Start of RECORDS FOR THE TASK

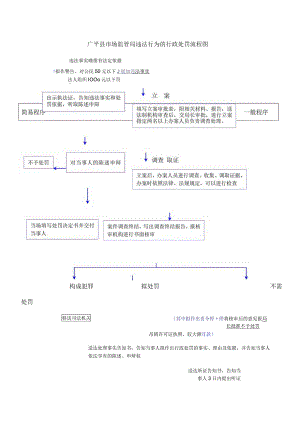 广平县市场监管局违法行为的行政处罚流程图.docx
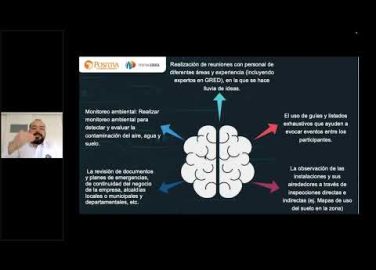 Identificación de amenazas de origen antrópico sesión 1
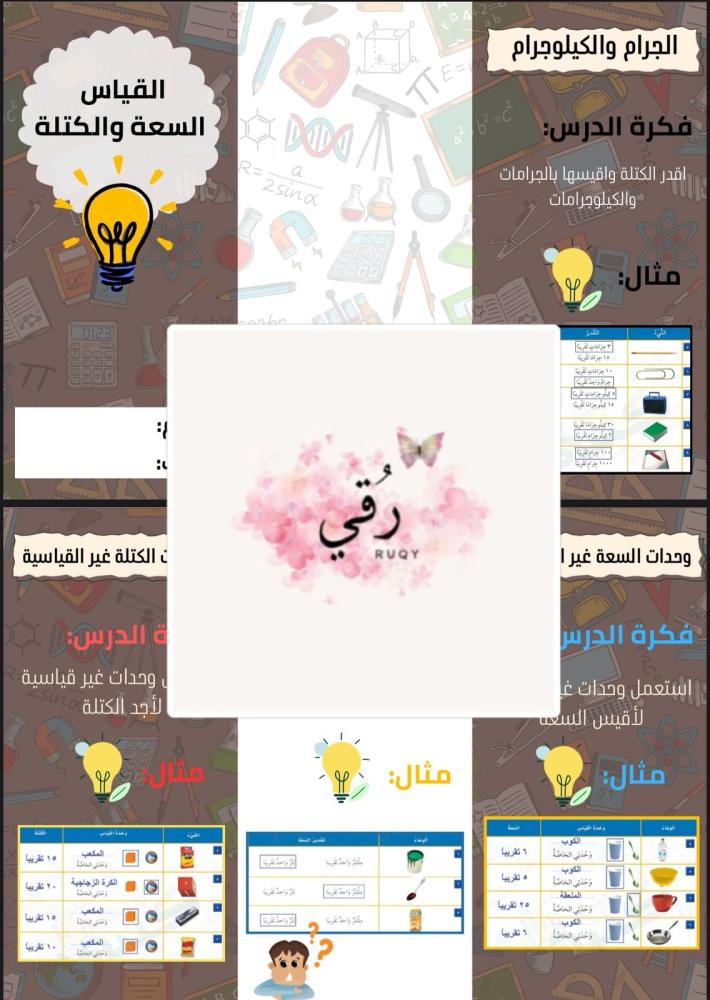 مطويه رياضيات الصف الثاني ( السعة والكتلة)
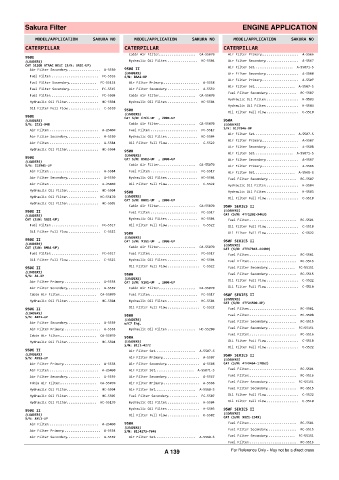 Spare parts cross-references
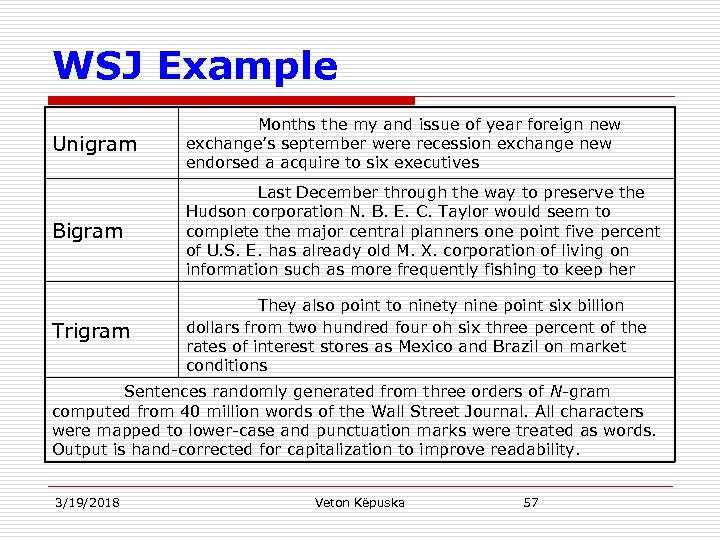 WSJ Example Unigram Months the my and issue of year foreign new exchange’s september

End of RECORDS FOR THE TASK

▶ _YOUR INSTRUCTIONS_
Everything in the listing except the pictures must come back exactly as written.

▶ _RESPONSE_
 广平县市场监管局违法行为的行政处罚流程图.docx
 Identificación de amenazas de origen antrópico sesión 1
 مطويه رياضيات الصف الثاني ( السعة والكتلة)
 Spare parts cross-references
 WSJ Example Unigram Months the my and issue of year foreign new exchange’s september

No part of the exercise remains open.